IMO that's a false distinction.  Suggestion: look up the definition of
“algorithm.”  Your apps are built out of algorithms.  FWIW, I was an app
developer long before I was a library writer.  What I discovered, after
many years living with my own software and learning from mistakes, was
that “an algorithmic perspective” is essential to building any piece of
software that you or someone else might have to maintain, that users can
rely on, that doesn't have catastrophic performance problems, etc.

> For example, I think it is perfectly reasonable to write a generic
> view controller that works with various data types and is initialized
> with an Array<T> but only works properly when it isn't possible to
> observe any mutation in the subgraph of T.

And my claim is that you have picked a really complicated way of saying
“T has value semantics,” or if there are differences in your intended
constraint, you don't actually care about those differences.

Just taking the nontrivial case where T is a reference type, let's look
at the the phrase “it isn't possible to observe any mutation in the
subgraph of T.”  This is still a rather fuzzy notion, but let me try to
nail it down.  To me that means, if the behavior of “f” only depends on
data reachable through this array, and f makes no mutations, then in
this code, the two calls to f() are guaranteed have the same effect.

      func g<T>(a: [T]) {
        var vc = MyViewController(a)
        vc.f() // #1
        h()
        vc.f() // #2
     }

But clearly, the only way that can be the case is if T is actually
immutable (and contains no references to mutable data), because
otherwise anybody can write:

    class X { ... }
    let global: [X] = [ X() ]
    func h() { global[0].mutatingMethod() }
    g(global)

Conclusion: your definition of PureValue, as written, implies conforming
reference types must be immutable.  I'm not saying that's necessarily
what you meant, but if it isn't, you need to try to define it again.

>>> On the other hand, it is immediately obvious that non-local mutation
>>> is quite possibly in the elements of a Swift Array<AnyObject> unless
>>> they are all uniquely referenced.
>> 
>> If you interpret the elements of the array as being *references* to
>> objects, there is no possibility of non-local mutation.  If you
>> interpret the elements as being objects *themselves*, then you've got
>> problems.
>
> In application code we are concerned with the objects, not the
> references.

Not necessarily, not at all.  A Set<UIView> where you're interested in
the references is totally reasonable.

>>>    I think perhaps what you mean by “purity” is just, “has value
>>>    semantics.” But I could be wrong.
>>> 
>>> No, an array storing instances of reference types that are not immutable would
>>> not be “pure” (or whatever you want to call it).
>>> 
>>>        is derived from deep value semantics.
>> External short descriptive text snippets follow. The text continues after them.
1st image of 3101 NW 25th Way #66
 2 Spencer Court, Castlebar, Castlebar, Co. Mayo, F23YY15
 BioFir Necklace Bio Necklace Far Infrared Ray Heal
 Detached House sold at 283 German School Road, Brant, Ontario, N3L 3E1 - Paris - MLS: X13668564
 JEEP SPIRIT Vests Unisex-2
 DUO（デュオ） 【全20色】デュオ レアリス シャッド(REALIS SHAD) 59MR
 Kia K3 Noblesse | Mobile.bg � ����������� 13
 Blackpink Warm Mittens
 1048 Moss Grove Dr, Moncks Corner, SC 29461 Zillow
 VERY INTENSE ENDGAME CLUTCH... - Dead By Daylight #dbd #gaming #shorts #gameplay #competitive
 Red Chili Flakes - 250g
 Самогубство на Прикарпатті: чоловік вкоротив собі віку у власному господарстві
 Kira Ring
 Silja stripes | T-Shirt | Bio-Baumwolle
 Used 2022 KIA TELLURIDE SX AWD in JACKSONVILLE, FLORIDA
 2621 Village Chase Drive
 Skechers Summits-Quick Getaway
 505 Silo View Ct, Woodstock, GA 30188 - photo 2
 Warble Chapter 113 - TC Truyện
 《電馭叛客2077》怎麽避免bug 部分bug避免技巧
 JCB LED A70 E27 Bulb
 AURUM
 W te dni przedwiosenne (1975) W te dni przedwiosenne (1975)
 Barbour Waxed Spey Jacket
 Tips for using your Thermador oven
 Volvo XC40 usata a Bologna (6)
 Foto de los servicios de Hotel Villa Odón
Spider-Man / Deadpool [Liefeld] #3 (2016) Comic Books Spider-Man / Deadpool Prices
This is when there is no
>>>        possibility of shared mutable state. This is an extremely important
>>>        property.
>>> 
>>>        It's the wrong property, IMO.
>>> 
>>>        Wrong in what sense? 
>>> 
>>>    Wrong in the sense that it rules out using things like Array that are
>>>    logically value types but happen to be implemented with CoW, and if you
>>>    have proper encapsulation there's no way for these types to behave as
>>>    anything other than values, so it would be extremely limiting. 
>>> 
>>> I’m a big fan of CoW as an implementation detail. We have definitely been
>>> miscommunicating if you thought I was suggesting something that would prohibit
>>> CoW.
>> 
>> Then what, precisely, are the syntactic and semantic requirements of “PureValue?”
>
> I believe it is a purely semantic concept.  It means that every name
> binding is logically and observably distinct, including and objects in
> the aggregate (if it includes references).  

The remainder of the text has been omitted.